光デバイス/半導体レーザ

46.長波長系垂直共振器型面発光レーザ

 垂直共振器型の面発光レーザ(VCSEL)は当初の予想に反してAlGaAs/GaAs系で発光波長が0.85μm前後のものが先に実用化されました。予想では最初に低温パルス動作が確認されたGaInAsP/InP系で発光波長が1.3~1.6μmのものの方が素性がよさそうに思われていました。

 そう考えられた主な理由はGaAs系は非常に酸化されやすいAlを含むのに対し、InP系は酸化による劣化が少ないことです。酸化に関する問題自体は間違っていたわけではなく、今でも課題として残っています。InP系での成功が遅れたのは別の理由でした。

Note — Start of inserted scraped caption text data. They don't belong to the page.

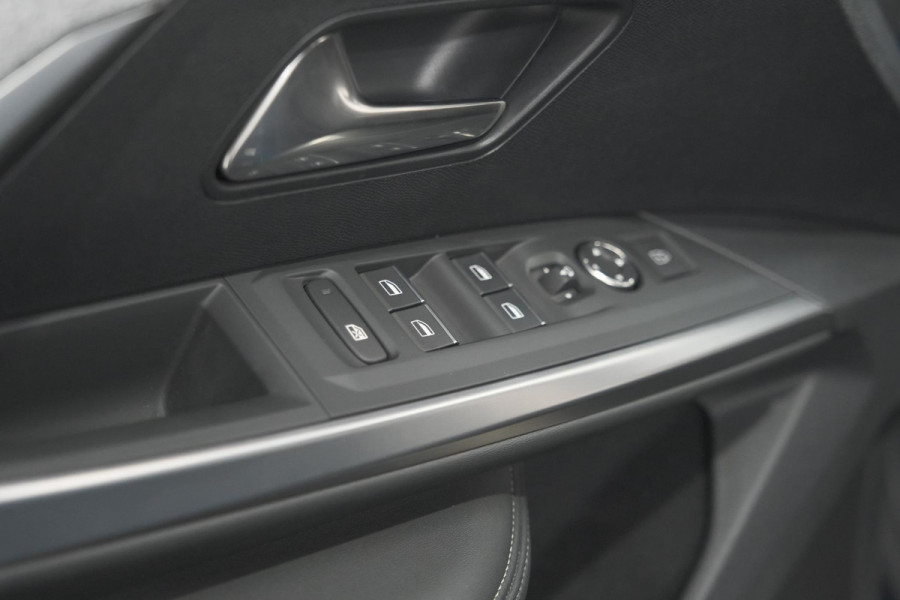 Peugeot 3008 1.2 Hybrid 136 GT | Panoramdak | 360 Camera | Stoelverwarming | Elektrische Kofferklep | Allseason Banden
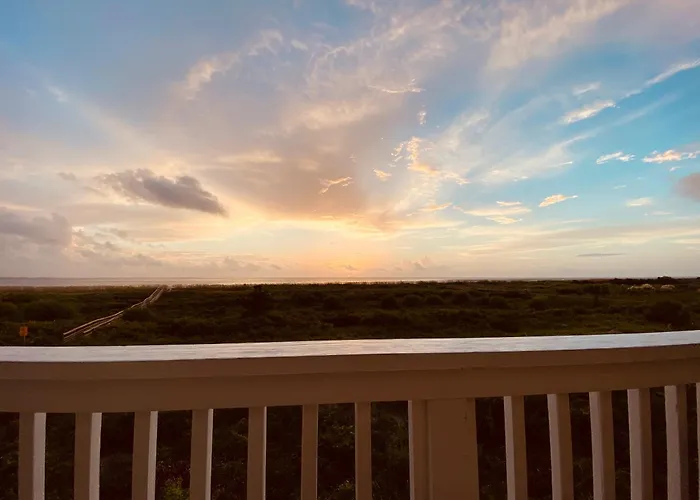 Oceanfront K Building!! Incredible Views. Steps From The Beach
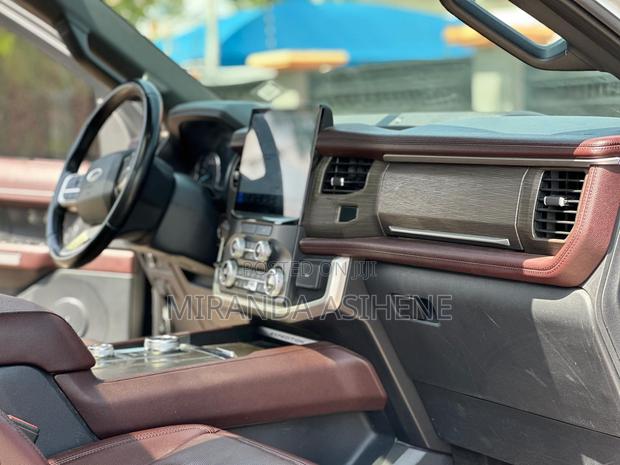Ford Expedition 2022 White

 GaInAsP/InP系で最大の問題点は高い反射率をもつ多層膜反射鏡を実現するよい材料がないことでした。多層膜反射鏡は高屈折率材料の膜と低屈折率材料の膜を交互に積層して作りますが、高い反射率を得るには、2つの材料の屈折率はできるだけ違った方がよいのです。垂直共振器を作る場合、条件はこれだけでなく基板との格子整合がとれた組み合わせであることも必要です。GaAs基板の場合にはAlAs(またはAlGaAs)とGaAsの組み合わせがありました。室温、波長0.9μmでの屈折率はGaAsが3.59、AlAsが2.97とおよそ差が0.6あります。

 InP基板の場合これに匹敵するものが見当たりません。InPとGa0.85In0.15As0.650.35の組み合わせの場合(バンドギャップエネルギーが1.08eV程度に相当)、室温、波長1.3μmでの屈折率は3.21と3.33程度で差は0.12とぐっと小さくなります。屈折率差が小さいと同じ反射率を得るためには、積み重ねる層の数を増やさなければなりませんので、作製が難しく時間も長くかかってしまいます。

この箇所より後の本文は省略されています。